Le retour au parking se fait à marche forcée derrière une Anne-Sophie contractée et blême, tirant par la main un Pierre-Henri résigné.

Arrivée à son véhicule, elle sort précipitamment un sac de voyage de son coffre puis disparait, avec Pierre-Henri, entre ses deux portières grandes ouvertes.

Pendant ce temps, mon mari et moi, respectueux de ce qui nous semble correspondre chez eux à un besoin, certes inexpliqué, mais néanmoins urgent, d’intimité, nous nous retirons dans notre voiture et consultons la carte routière pour réévaluer la suite de notre périple.

Quelques minutes plus tard, ils nous rejoignent, les traits un peu plus détendus. Pierre-Henri a troqué le jean pour un pantalon de toile et Anne-Sophie, le sobre ensemble pantalon vert-amande pour un tout aussi sobre ensemble pantalon de toile blanche.
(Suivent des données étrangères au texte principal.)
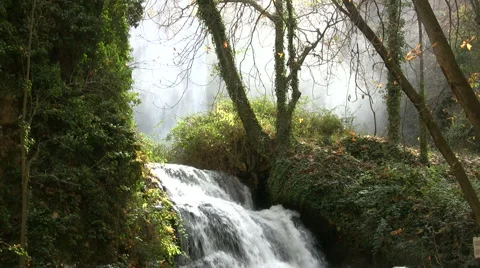 Forest waterfall Stock Footage 937672
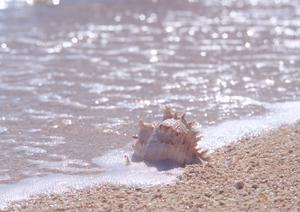 神奈川県厚木市にある東横INN本厚木駅南口：快適な滞在と便利なアクセスを提供するビジネスホテル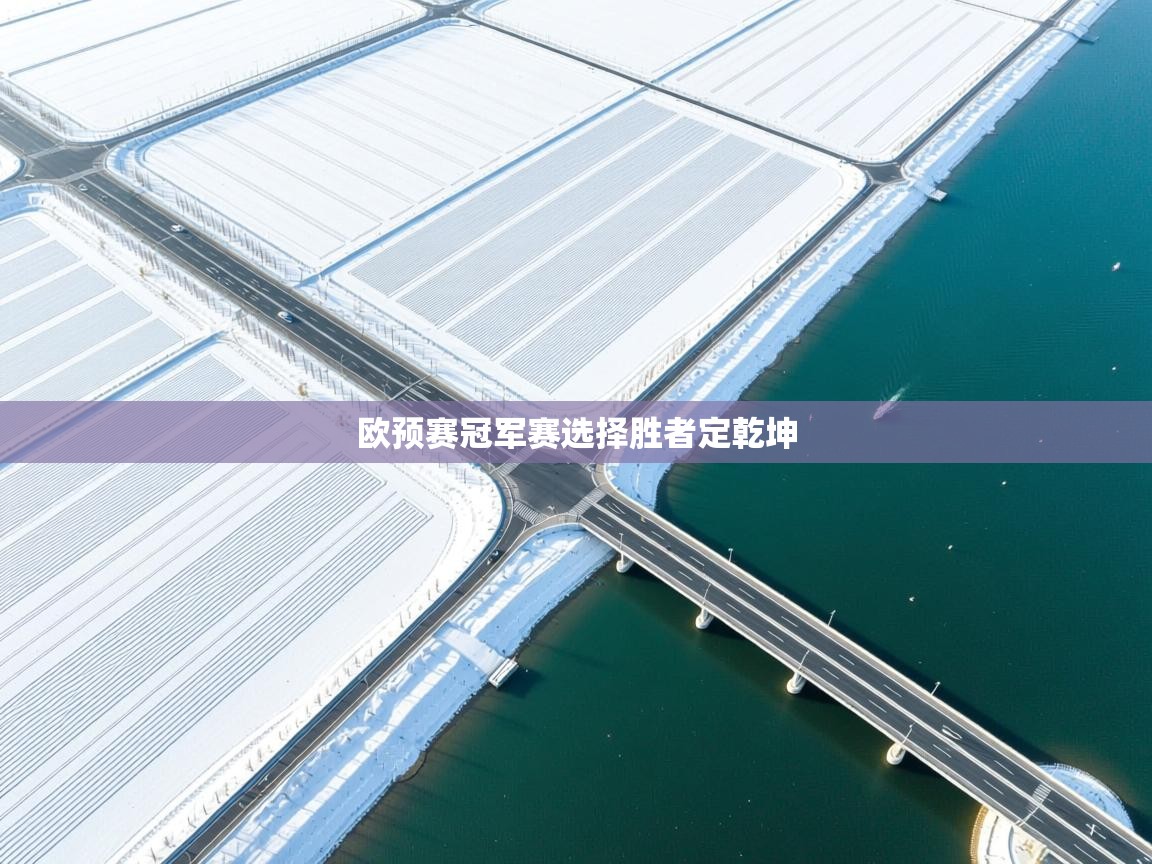 欧预赛冠军赛选择胜者定乾坤 第2张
Tandis que les deux hommes se mettent d’accord sur l’itinéraire à emprunter pour rejoindre Rocamadour, Anne-Sophie, muette, me considère avec une stupéfaction non dissimulée. Puis, incapable de taire plus longtemps son étonnement, le regard figé les traits à nouveau pétrifiés, elle parvient dans un souffle à me demander :

-       Mais… Mais vous ne vous changez pas ? 

-       Me changer ? Non ! Pourquoi ?

-       Mais parce que tout le monde, enfin, n’importe qui, s’assoit dans les barques !

Et Pierre-Henri d’ajouter triomphalement :

-       Et c’est plein de microbes !

Devant cette femme au visage blafard, au sourire crispé, à la voix tranchante, à la rigide et impeccable silhouette accentuée par une coiffure au carré irréprochable, je sens que je rejoins, tout au moins à ses yeux,  l’immense armée de celles qui font profession de laisser-aller.

En même temps, je me félicite d’avoir su résister au désir de mon mari qui tenait à les héberger. A la vue de leur maison aux carrelages éclatants, aux plans de travail en marbre, aux nickels clinquants, j’avais intuitivement pressenti que notre maison champêtre aux chambres meublées de bric et de broc, aux parquets non rabotés sur lesquels quelques gouttières ont laissé d’indélébiles traces, ne pouvait les satisfaire.

Je me réjouis donc de leur avoir épargné une nuit de cauchemars en leur réservant une chambre dans un motel à la fois hyper tendance et hyper clean.